The U. S. government‘s Renewable Fuel Standard mandates that by 2022, the U. S. use 15 billion gallons of corn-based ethanol, 1 billion gallons of biodiesel, and 16 billion gallons of cellulosic fuels. A recent peer-reviewed report from the National Academy of Science prepared for Congress concludes that the goals for corn-based ethanol and biodiesel can be met, but those for cellulosic fuels are probably unreachable.
“The U. S. has more than 200 plants that convert corn into more than 14 billion gallons of ethanol and it took more than 30 years to get to this point,” says Wally Tyner, a professor of agricultural economics at Purdue and cochair of the committee that wrote the report. “We have only 11 years to reach even higher numbers for cellulosic biofuels. Therefore, to reach the goal, we would need to build refineries at three times the rate we built refineries for corn ethanol. And with corn, we had the technology, we had the feedstock, and prices for corn were relatively low. We don’t have any of that with cellulosic.”

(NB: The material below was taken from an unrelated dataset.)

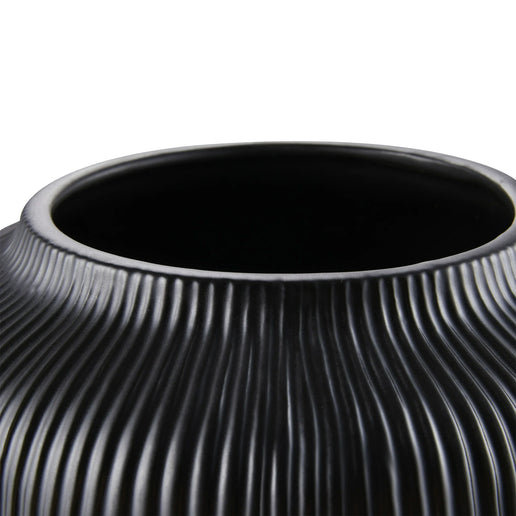 Black Textured Stripe Stoneware Vase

For example, there are currently no refineries that can turn cellulosic feedstock into ethanol. And the amount farmers would have to be paid to earn a profit raising cellulosic materials is more than ethanol producers are willing to pay. There are also questions about the environmental effect of growing the needed materials because additional land would need to be put under cultivation, a process that releases greenhouse gases. According to Tyner, what it would take to meet the mandate is a major technological breakthrough, a substantial increase in the price of oil, or an increase in subsidies for cellulosic-ethanol producers.